The farther forward you can place that final boom block, the less your mainsheet tension will just be bending the boom and pulling the draft out of your sail. I might even put it on a little rope loop around the boom, duct-tape it in place and go sailing to see what block position yielded the best looking sail shape and the easiest sail handling.

gizmojoe
02-13-2008, 08:52 PM
Todd,
I originally was going to piece together a polytarp sail just to test the rig on this boat, but i got the sail so cheap on ebay I figured If the machine wouldn't sew it no big loss. To my surprise it worked great. On some portions of this sail there were 6-8 thicknesses of material and I had no real problems. One thing i tried was to take the machine out of the cabinet and mount it on little wheels so i could roll it along the sail edge on the floor. It didn't really work like i thought, i think it might work better with no wheels and a piece of carpet on the bottom of the machine so i can feed a couple of feet through, move the machine , feed a few more feet etc.
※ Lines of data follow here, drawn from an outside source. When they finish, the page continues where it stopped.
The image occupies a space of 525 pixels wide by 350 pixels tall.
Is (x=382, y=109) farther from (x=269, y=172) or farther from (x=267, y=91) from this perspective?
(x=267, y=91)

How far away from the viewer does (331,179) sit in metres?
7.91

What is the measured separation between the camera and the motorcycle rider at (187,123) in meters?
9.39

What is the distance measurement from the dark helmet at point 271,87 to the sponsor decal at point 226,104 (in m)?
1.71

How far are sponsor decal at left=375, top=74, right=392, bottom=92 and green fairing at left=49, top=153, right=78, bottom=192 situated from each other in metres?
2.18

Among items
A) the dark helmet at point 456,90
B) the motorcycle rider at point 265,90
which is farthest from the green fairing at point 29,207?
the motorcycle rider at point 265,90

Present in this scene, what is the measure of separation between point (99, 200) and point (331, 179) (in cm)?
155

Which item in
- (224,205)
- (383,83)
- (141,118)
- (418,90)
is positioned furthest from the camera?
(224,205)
So the plan now is to see how this rig sails and eventually sew a new one. My next book purchase is the Sailmakers Apprentice but If i start studying another book I'll be out of the house. Thanks for the advice

Joe

Todd Bradshaw
02-13-2008, 11:50 PM
Moving the machine is a new one, though I have heard of people putting the rolled-up sail on a skateboard so that it could roll along as the machine fed it through. Personally, I have a panel that comes out of the hardwood floor in my living room floor where I can plug in a different panel that's been routed out to hold the machine. The whole floor becomes a table with the machine's bed flush with it's surface and the sail just slides along on the floor as the machine feeds it. However, if you're already in trouble for having too many boat books, taking a sabre saw to the living room floor to do boat stuff might not be such a great idea....
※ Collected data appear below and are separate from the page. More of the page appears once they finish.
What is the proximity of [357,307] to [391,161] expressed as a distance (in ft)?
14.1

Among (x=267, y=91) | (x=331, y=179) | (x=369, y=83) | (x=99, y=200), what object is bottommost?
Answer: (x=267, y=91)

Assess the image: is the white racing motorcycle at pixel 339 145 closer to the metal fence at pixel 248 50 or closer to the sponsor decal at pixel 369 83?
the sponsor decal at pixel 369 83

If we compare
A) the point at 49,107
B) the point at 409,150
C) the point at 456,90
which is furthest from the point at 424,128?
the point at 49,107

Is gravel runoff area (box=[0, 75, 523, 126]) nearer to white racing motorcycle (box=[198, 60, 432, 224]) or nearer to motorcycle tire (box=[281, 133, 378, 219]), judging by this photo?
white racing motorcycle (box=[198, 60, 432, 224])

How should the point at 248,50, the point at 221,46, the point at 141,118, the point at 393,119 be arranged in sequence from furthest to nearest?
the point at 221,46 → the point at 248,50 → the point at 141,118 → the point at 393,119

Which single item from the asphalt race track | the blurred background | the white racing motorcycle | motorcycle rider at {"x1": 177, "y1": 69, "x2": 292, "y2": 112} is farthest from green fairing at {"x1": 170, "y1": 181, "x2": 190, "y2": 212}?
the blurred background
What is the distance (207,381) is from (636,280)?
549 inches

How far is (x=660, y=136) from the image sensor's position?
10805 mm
I had a friend who managed to obtain a huge vertical slab of a tree trunk and decided to cut it into an oval about 12' long to make a new dining table. It was too heavy to handle and too thick for his sabre saw, so he built the base and put the slab on it at table height. Then he mounted his band saw on wheels and rolled it along, all the way around the table. as he made the cut. I was impressed.

gizmojoe
05-22-2008, 07:04 PM
Todd Bradshaw and fellow Wooden boaters,

I finally got a chance to sail the Fiberglass (sorry) Manowar. Before I am chastised let me say I made the Mast, Boom and Yardarm out of wood, I cut the sail down from a larger one and sewed it myself. Using hints from Todds great book and this website I made rope grommets to hold the sail on, affixed brass grommets on the sail, fashioned a new wood daggerboard trunk, and built a new rudder and tiller. She seemed to go quite well although the wind was 15-25 mph and i was more than a little nervous. Just my luck it started to hail when i was halfway down the lake. All this of course is just preparing me for the eventual wooden boat build. I'm just trying to decide what to build, So many great boats out there.
http://pic70.picturetrail.com/VOL1865/10669570/19033170/318357271.jpg
Joe

Todd Bradshaw
05-23-2008, 11:40 AM
Congrats Joe, it looks good! Hail must be a rather interesting sailing experience. I haven't tried that one yet.